Raisi’s victory had been widely anticipated after the Guardian Council, made up of 12 clerics and jurists, had approved just seven candidates, all men, out of a field of almost 600 hopefuls. Three of those vetted candidates dropped out two days before the vote.
Iran’s moderate Jomhouri-e Eslami daily highlighted that conservatives had now cemented their hold on power, from parliament and the Guardian Council to the court system and armed forces.
Using a touch of irony, its editorial said that “we, the people of Iran, owed the conservative faction a homogeneous government” and “the people have delivered”.
– ‘Epic’ turnout –
Turnout reached 48.8 percent, a record low for a presidential poll since Iran’s 1979 revolution ousted the US-backed monarchy.
The ultraconservative Kayhan daily argued that voter participation was “epic” considering the economic crisis, Covid pandemic and the “enemy’s propaganda”, referring to boycott calls from Iranian opposition groups abroad.
The Resalat daily welcomed the change from the Rouhani administration which it said has been dogged by political infighting and occupied with “fruitless domestic and foreign challenges”.

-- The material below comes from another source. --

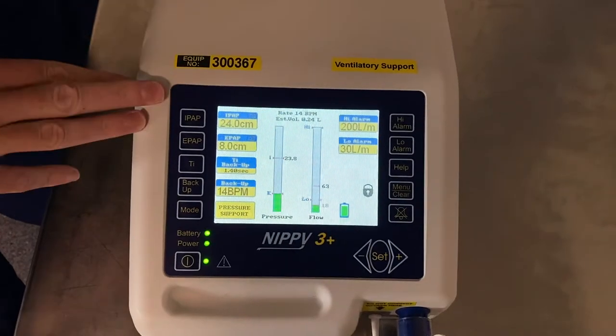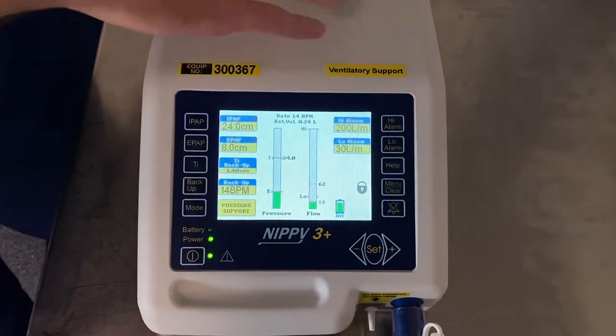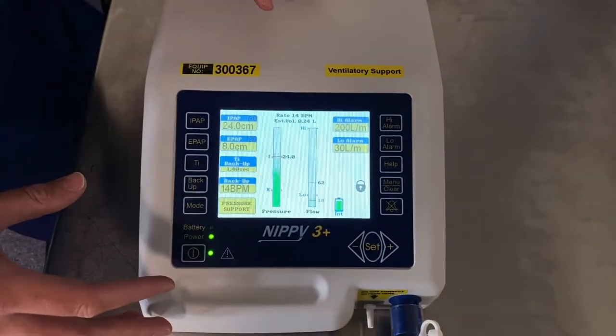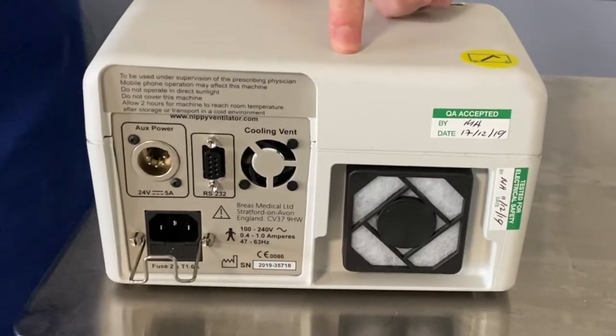So this is the NIPPy 3 Plus. You can see it's switched on at the moment. We're going to start from the back and work our way around to the front. So this is the back of the NIPPy 3 Plus ventilator.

Rouhani’s landmark achievement was the 2015 deal with world powers under which Iran agreed to limit its nuclear programme in return for sanctions relief.
That deal has however been hanging by a thread since then-US president Donald Trump withdrew from it in 2018 and launched a “maximum pressure” campaign to diplomatically and economically isolate Tehran.

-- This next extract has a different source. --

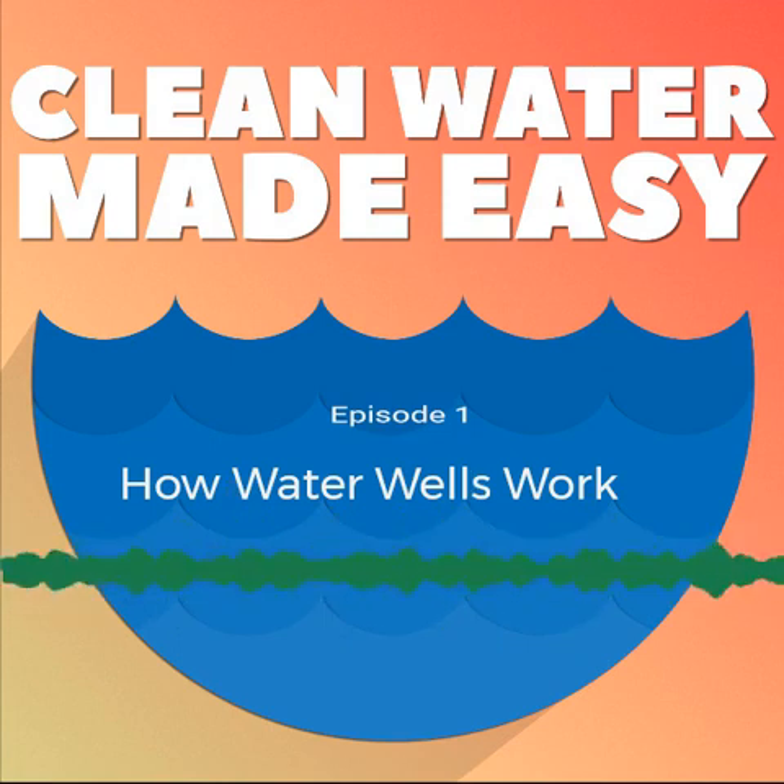You're listening to the Clean Water Made Easy podcast, episode number one.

While Iran has always denied seeking a nuclear weapon, Trump charged it was still planning to build the bomb and was destabilising the Middle East through armed proxy groups in Iraq, Lebanon, Syria and Yemen.
Since Trump’s successor Joe Biden took office this year, talks involving Iran and the remaining parties to the accord — Britain, China, France, Germany and Russia — have resumed in Vienna, with the US taking part indirectly.
– ‘Anti-Western views’ –
Iran’s ultraconservatives — who deeply distrust the United States, labelled the “Great Satan” in the Islamic republic — bitterly attacked Rouhani over the failing deal and for having trusted the West.

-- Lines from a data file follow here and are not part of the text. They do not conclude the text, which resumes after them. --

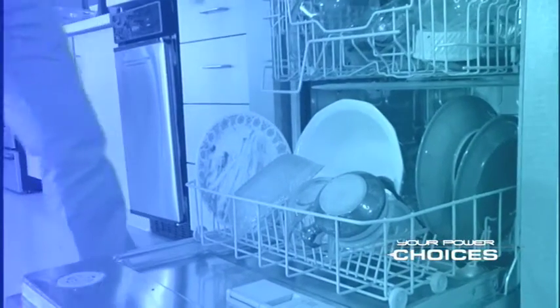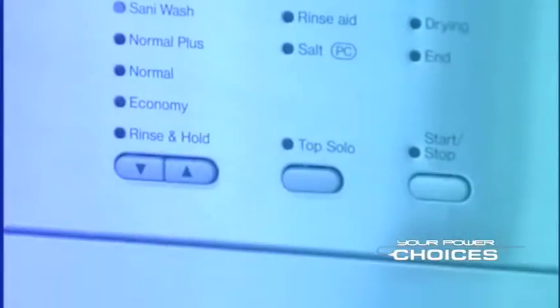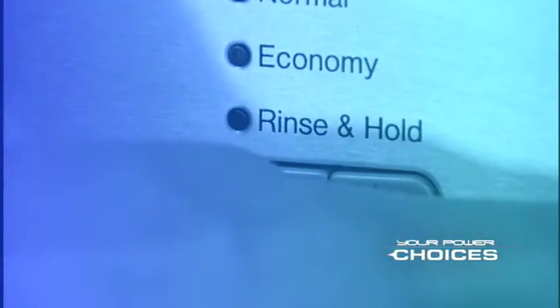Make sure you're washing only full loads. Washing one dish will cost you exactly the same amount as washing a full load. And avoid using the rinse-hold setting on your machine unless you have a full load of heavily soiled dishes. It uses 3 to 7 gallons of hot water each time you use it.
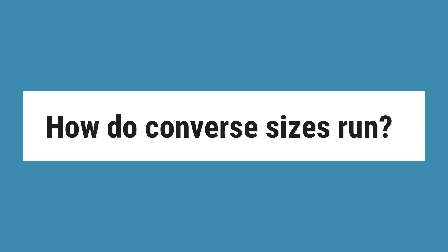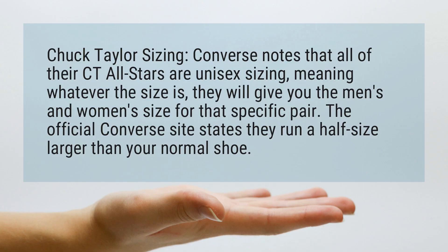How do Converse sizes run? Chuck Taylor Sizing: Converse notes that all of their CT All-Stars are unisex sizing, meaning whatever the size is, they will give you the men's and women's size for that specific pair. The official Converse site states they run a half size larger than your normal shoe.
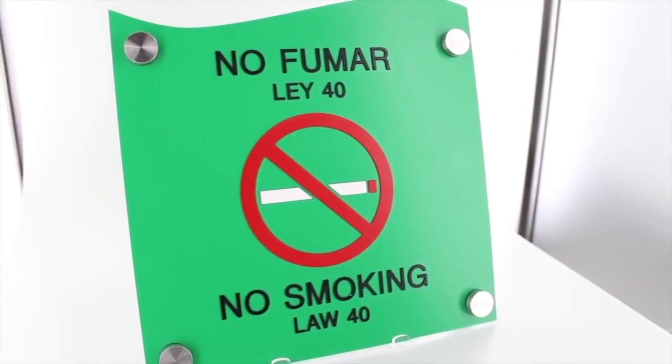Hey guys, it's Don here at Trollsec Laser Canada. Today we're going to be making a simple multi-layered sign with the help of our Trollase ADA material.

But Raisi has nonetheless said Iran should keep negotiating with the aim of ending the punishing sanctions that have largely cut the country of 83 million off from global markets and financial systems.
The US State Department said after Raisi’s election win that Washington would continue talks over Iran’s nuclear programme, working with its allies and partners.
A spokesperson charged however that “Iranians were denied their right to choose their own leaders in a free and fair electoral process”.
In Israel, which has engaged in a shadow conflict with Iran for years, foreign ministry spokesman Lior Haiat said the Islamic republic had “elected its most extremist president to date”.
Raisi was “committed to Iran’s rapidly advancing military nuclear program,” Haiat wrote on Twitter. “His election makes clear Iran’s true malign intentions, and should prompt grave concern among the international community.”
Israel’s new Prime Minister Naftali Bennett said that Raisi’s election is “the last chance for the world powers to wake up before returning to the nuclear agreement, and to understand who they are doing business with”.
Analysts for think-thank the Eurasia Group said Raisi’s election win would likely not derail the ongoing Vienna talks to salvage the nuclear deal.
But they warned that “his hardline, anti-Western views are a sharp break from the more moderate stances of Rouhani and will have a significant impact on Tehran’s relationship with the outside world”.
EU foreign affairs chief Josep Borrell, speaking about the Vienna talks, said: “We are very close … So I hope that the result of the election is not going to be the last obstacle that will ruin the negotiation process.
“As far as I know… this is not going to be the case. It is not a matter of this president or another, it is the understanding of what is at stake.”